Mais, au regard de l’ampleur de la réduction des émissions à réaliser, les experts de l’Agence Internationale de l’Énergie(AIE) et du GIEC considèrent que le recours aux technologies de captage, de stockage et de valorisation du CO2 est indispensable pour atteindre l’objectif de neutralité carbone.

Le procédé DMX de captage du CO2, fruit d’une décennie de recherche dans les laboratoires d’IFP Énergies nouvelles, est ainsi aujourd’hui en cours de démonstration sur le site d’Arcelor Mittal à Dunkerque, géant de l’acier qui émet de plus de 11 millions de tonnes de CO2 chaque année.

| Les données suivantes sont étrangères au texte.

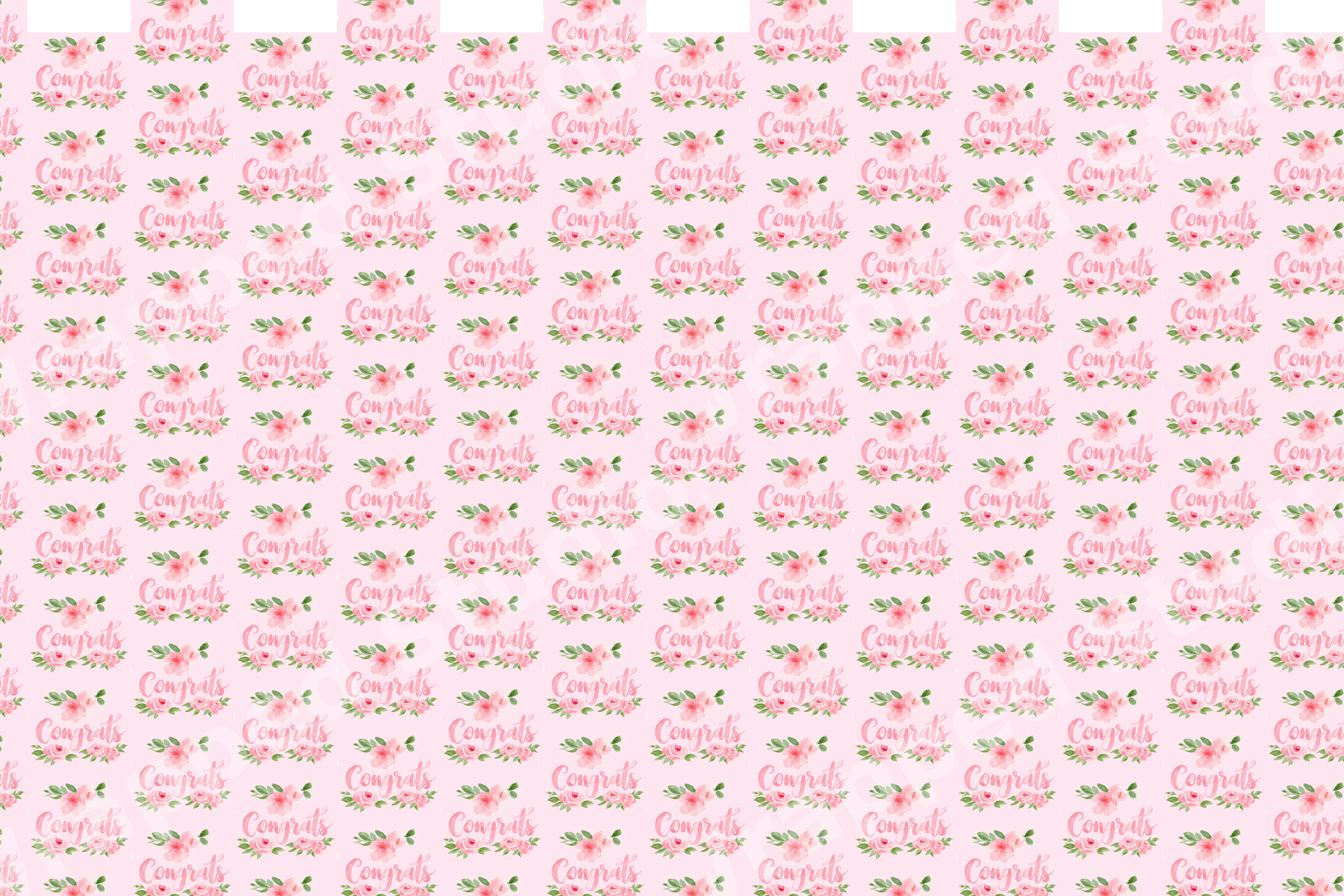 Elegant pink floral pattern featuring watercolor roses and "Congrats" script text.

Le CO2 capté pourrait être transporté puis stocké en mer du Nord, par exemple sur le site du projet norvégien Northern Lights, qui a également signé en août dernier son premier accord commercial pour le transport et le stockage du CO2, cette fois capté sur une usine d’ammoniac et d’engrais des Pays-Bas.

L’objectif du captage, stockage ou valorisation du dioxyde de carbone (plus connus sous les acronymes CCS ou CCU pour carbon capture and storage ou carbon capture and utilisation) est de contribuer à décarboner l’industrie : il s’agit d’un ensemble de technologies permettant de capter et de stocker et/ou d’utiliser le CO2 plutôt que de le laisser s’échapper dans l’atmosphère. En effet, l’industrie lourde est à l’origine de presque 20 % des émissions mondiales de CO2 aujourd’hui. En France, la Stratégie nationale bas carbone (SNBC) fixe une réduction des émissions industrielles de 80 % d’ici 2050 par rapport à 2015.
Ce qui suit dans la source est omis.